Also ammonia on the other hand is NH4+ ,which means that it is held by the negative charges in the clay and cannot be directly used, so fertilisers are not always very useful. Phosphorus (P), is also needed by plants for ATP, nucleic acid and phospholipid’s. This is not held in the soil for very long so is often added when the seeds are sewn called banding this is to ensure that the nutrient is in the soil when it is needed for growth. This element can become fixed in the soil it is not freely moving allowing problems with uptake from the plant.

And potassium, which is mainly, lastly needed in large quantities from the plant the role of opening and closing the stomata in the leaves. There is often a lack of it in the soil. So fertilisers add these vital nutrients in the soil, to allow the plant to be in a healthy condition and have maximum productivity for farmers for agriculture and flower growing. This has many economic benefits, which Is why I believe that fertilisers are needed and sometimes the environmental issues have to be overlooked.

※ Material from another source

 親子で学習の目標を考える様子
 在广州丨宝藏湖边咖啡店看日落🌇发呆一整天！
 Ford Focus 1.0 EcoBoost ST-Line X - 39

Because if fertilisers are used carefully and correctly they do not harm surrounding environment they only help improve nutrients in the soil, which are good for plant productivity. This is such, as good farm practice doesn’t allow any misuse of fertilisers. Firstly to do this farmers can set up mineral book keeping systems, this allows farmers to keep a check on the minerals, which are inputted into the soil, so no misuse. Systems like advanced advisory computer programmes have specially been set up to monitor fertiliser input and suggest good farming techniques so as not to harm the environment.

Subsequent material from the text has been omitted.